Beryl Kimber (3 June 1928 – 25 November 2022) was an Australian violinist. In addition to her performing career, she taught violin at the Elder Conservatorium of Music for 34 years.

== Career ==
Kimber was born in Perth, Western Australia but grew up in Hobart, Tasmania. She studied piano with Miss S. Honey and in 1942 was awarded an AMusA by the Australian Music Examinations Board at age 14. She moved to Melbourne to study with Jeanne Gautier, a French violinist. In 1944, she was a finalist in the Conservatorium's concerto festival and performed the third movement of Max Bruch's Violin Concerto in G minor with the Melbourne Symphony Orchestra, conducted by Bernard Heinze. She later moved to Sydney where she was a pupil of Jascha Gopinko. In 1946, she won a British Council Scholarship at the ABC Young Performers Awards, which led to her studying at the Royal Academy of Music. From there, she won a full scholarship to continue her studies in Paris with Georges Enesco, a Romanian violinist.
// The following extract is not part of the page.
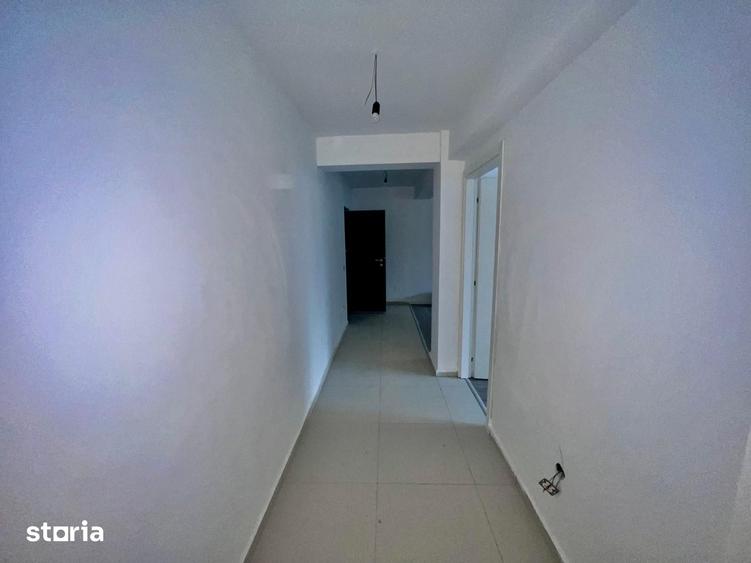 Apartament cu 3 camere în Miroslava
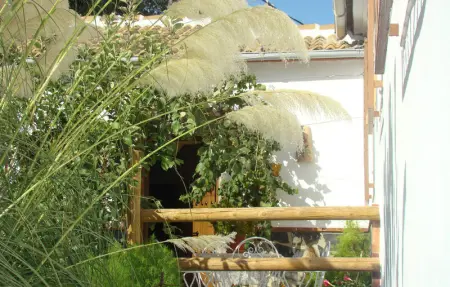 Location Maison 2 personnes à Iznájar - Photo 7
Kimber debuted at Wigmore Hall in 1950 and in following years performed under conductors including Adrian Boult, Malcolm Sargent and John Barbirolli in England and Kirill Kondrashin in the Soviet Union. In Moscow in 1958, she won a Diploma of First Distinction at the inaugural International Tchaikovsky Competition, following which she studied for a year with Soviet violinist David Oistrakh.

Kimber returned to Australia and joined the Elder Conservatorium of Music in 1964 as a lecturer, rising to associate professor prior to her retirement in 1998. Her students included Adele Anthony, Luke Dollman and Niki Vasilakis.

== Awards and recognition ==
In the 1980 New Year Honours, Kimber was appointed an Officer of the British Empire (OBE) for service to music. She was presented with the Sir Bernard Heinze Memorial Award in 1990.

== Personal ==
In 1969, Kimber married pianist Clemens Theodor Leske (1923–2019).

Kimber died on 25 November 2022, at the age of 94. Their son, Clemens Leske, is a concert pianist and academic.